▸ ASSIGNMENT
Every line of the records below from the line with "Spinfinity Small Blue" up to and including the line with "harano, hatsune miku, vocaloid, aqua" must be reproduced exactly, and no line outside that range.

▸ ENTRIES PROVIDED
/---

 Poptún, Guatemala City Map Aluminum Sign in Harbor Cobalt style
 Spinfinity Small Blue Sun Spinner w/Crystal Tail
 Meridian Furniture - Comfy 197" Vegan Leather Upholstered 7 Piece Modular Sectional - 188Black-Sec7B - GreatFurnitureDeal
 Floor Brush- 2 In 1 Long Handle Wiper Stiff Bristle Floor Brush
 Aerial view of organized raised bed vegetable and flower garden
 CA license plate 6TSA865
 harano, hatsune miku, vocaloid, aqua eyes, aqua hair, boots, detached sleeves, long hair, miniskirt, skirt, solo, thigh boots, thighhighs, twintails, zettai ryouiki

\---
/---

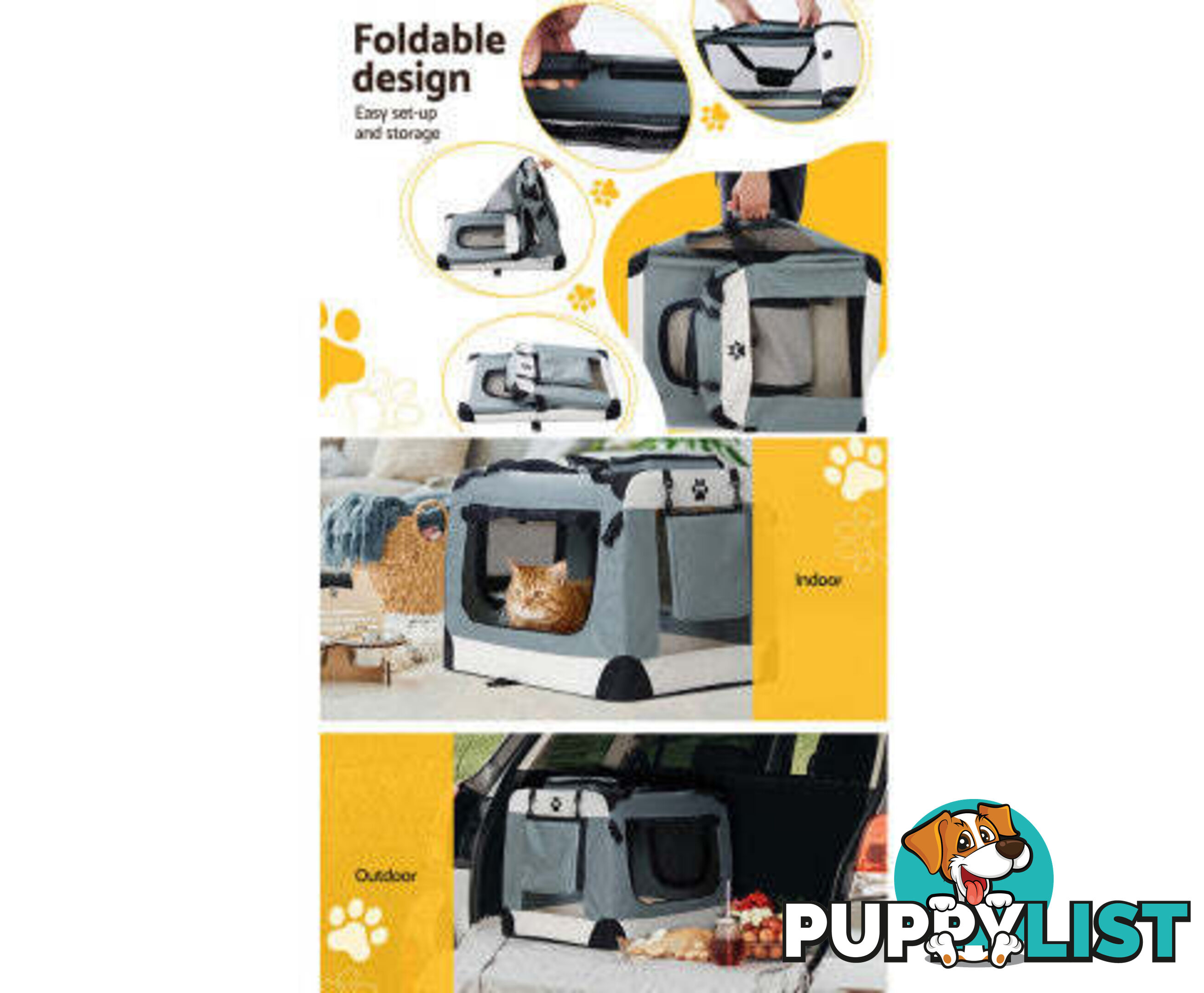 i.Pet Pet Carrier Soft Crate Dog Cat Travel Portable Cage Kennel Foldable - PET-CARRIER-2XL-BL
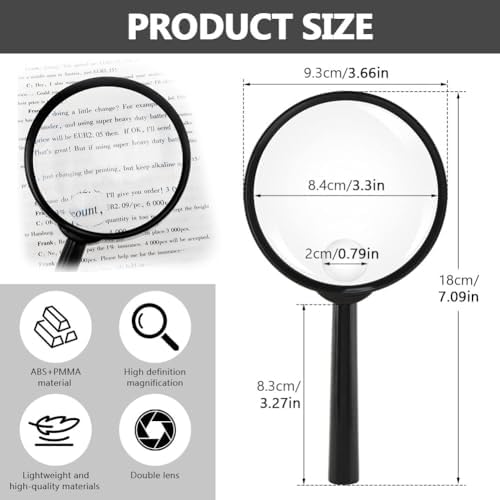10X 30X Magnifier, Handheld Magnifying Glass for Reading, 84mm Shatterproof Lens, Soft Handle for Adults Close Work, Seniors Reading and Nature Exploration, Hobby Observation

\---

▸ OUTPUT FOR THIS TASK
 Spinfinity Small Blue Sun Spinner w/Crystal Tail
 Meridian Furniture - Comfy 197" Vegan Leather Upholstered 7 Piece Modular Sectional - 188Black-Sec7B - GreatFurnitureDeal
 Floor Brush- 2 In 1 Long Handle Wiper Stiff Bristle Floor Brush
 Aerial view of organized raised bed vegetable and flower garden
 CA license plate 6TSA865
 harano, hatsune miku, vocaloid, aqua eyes, aqua hair, boots, detached sleeves, long hair, miniskirt, skirt, solo, thigh boots, thighhighs, twintails, zettai ryouiki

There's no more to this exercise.